WHAT IS REQUIRED
Leaving out the pictures, output the lines from the one that contains "Serene Minimalist Zen" through the end of the material, exactly as they stand.

DATASET CONTENT
+--

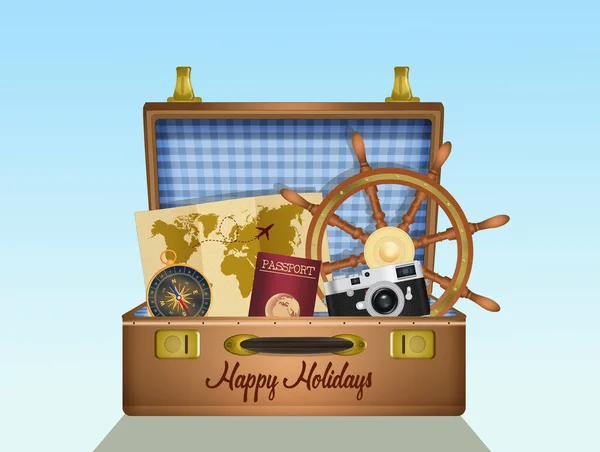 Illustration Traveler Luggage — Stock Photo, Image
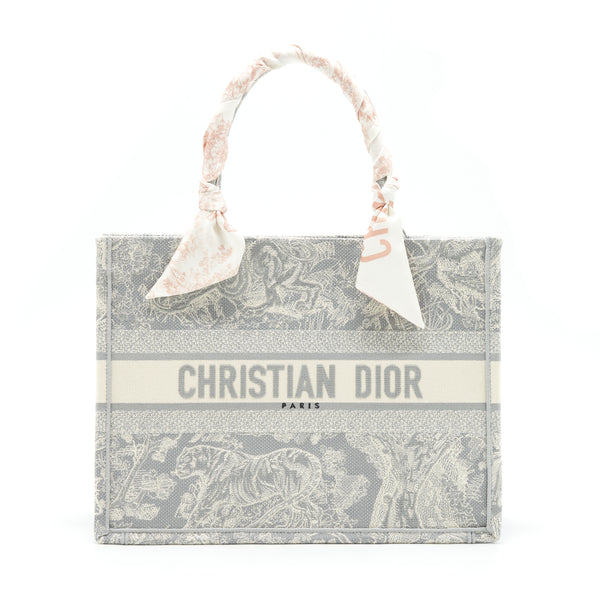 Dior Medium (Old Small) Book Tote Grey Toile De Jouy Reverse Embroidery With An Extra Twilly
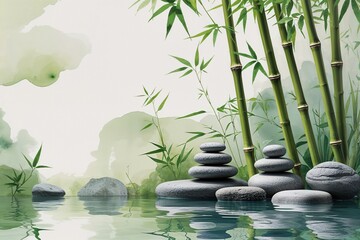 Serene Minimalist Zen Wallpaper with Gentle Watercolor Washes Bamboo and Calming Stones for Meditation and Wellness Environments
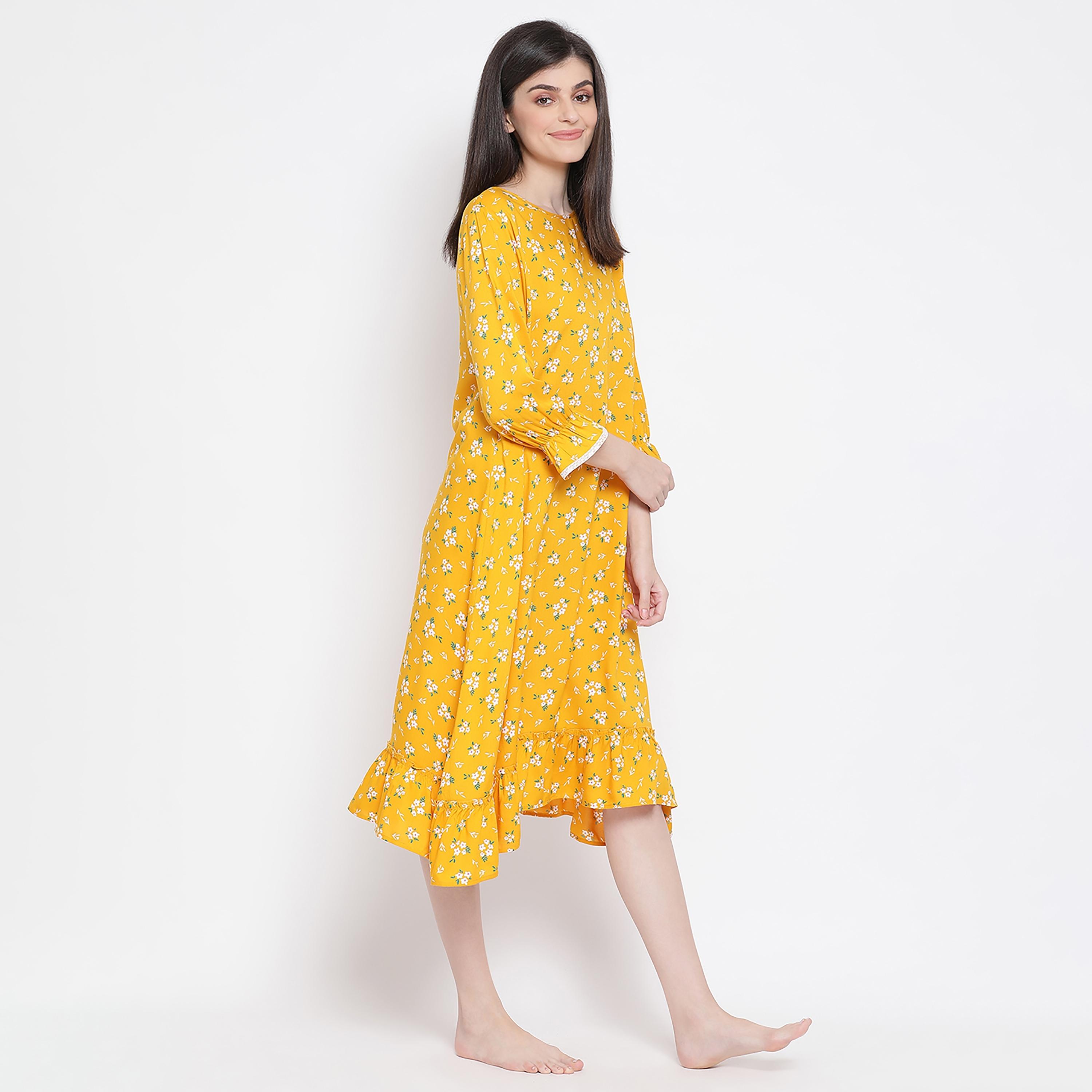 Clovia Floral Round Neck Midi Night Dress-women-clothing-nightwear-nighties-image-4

+--

EXERCISE OUTPUT
 Serene Minimalist Zen Wallpaper with Gentle Watercolor Washes Bamboo and Calming Stones for Meditation and Wellness Environments
 Clovia Floral Round Neck Midi Night Dress-women-clothing-nightwear-nighties-image-4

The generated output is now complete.